# genkernel vs genkernel-next

## depontius

I'm a bit lazy, so I use genkernel, though I manually keep track of my own kernel configs.  I like clicking "Exit" out of xconfig, walk away, and when I get back my new kernel's done.

For systemd purposes genkernel-next recently came out.  I'm not using systemd, but I recognize that genkernel-next might well be the real upstream for genkernel, and am wondering if it's preferable to be there.

1 - Is genkernel-next really the upstream, as I'm wondering?

2 - Does genkernel-next work for non-systemd?

3 - If the answer to #1 is True and #2 is False, does that mean that it's time for me to think about moving off of genkernel and back to manually running kernel builds?

----------

## John R. Graham

Just answering #2: genkernel-next certainly does work for non-systemd systems.

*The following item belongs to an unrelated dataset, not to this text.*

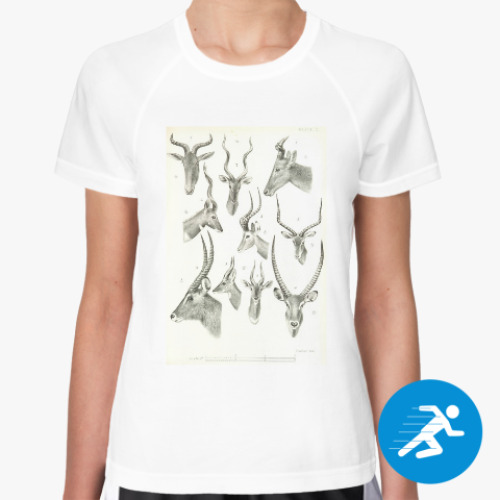 Женская спортивная футболка Антилопы из зоологического атласа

I've been using it since January with no systemd in the house.  :Wink: 

- John

----------

## mv

 *depontius wrote:*   

> I like clicking "Exit" out of xconfig, walk away, and when I get back my new kernel's done

 

If you don't need an initrd or other fancy stuff but just use it to build and install the kernel, you might want to try sys-kernel/kernel from the mv overlay (which essentially is just a wrapper for basic commands with the important part being to drop the permissions in between). Or you can easily roll your own script, of course.

----------

## depontius

 *John R. Graham wrote:*   

> Just answering #2: genkernel-next certainly does work for non-systemd systems. I've been using it since January with no systemd in the house. 
> 
> - John

 

At the moment I'm struggling to get a new system to boot with UEFI, and I don't think I'm going to mess with the rest of the formula quite yet.  OTOH, once I do have the new system running the "emergency system" I'm using now will be ripe to try this out on.  Then if it's successful there I can look at moving the other systems.

----------

## depontius

 *mv wrote:*   

>  *depontius wrote:*   I like clicking "Exit" out of xconfig, walk away, and when I get back my new kernel's done 
> 
> If you don't need an initrd or other fancy stuff but just use it to build and install the kernel, you might want to try sys-kernel/kernel from the mv overlay (which essentially is just a wrapper for basic commands with the important part being to drop the permissions in between). Or you can easily roll your own script, of course.

 

So far I've been using an initrd out of laziness.  At one point I had a kernel that wouldn't boot without, and it was just easier to add the initrd to grub than to debug it.  But now that I'm starting to fiddle with booting UEFI, it seems to take everything that grub did simply and make it more complex, including the initrd.  Also out of laziness it was easier to pick up genkernel than to script through it.  I may take a look at yours, presuming I move away from initrd.

----------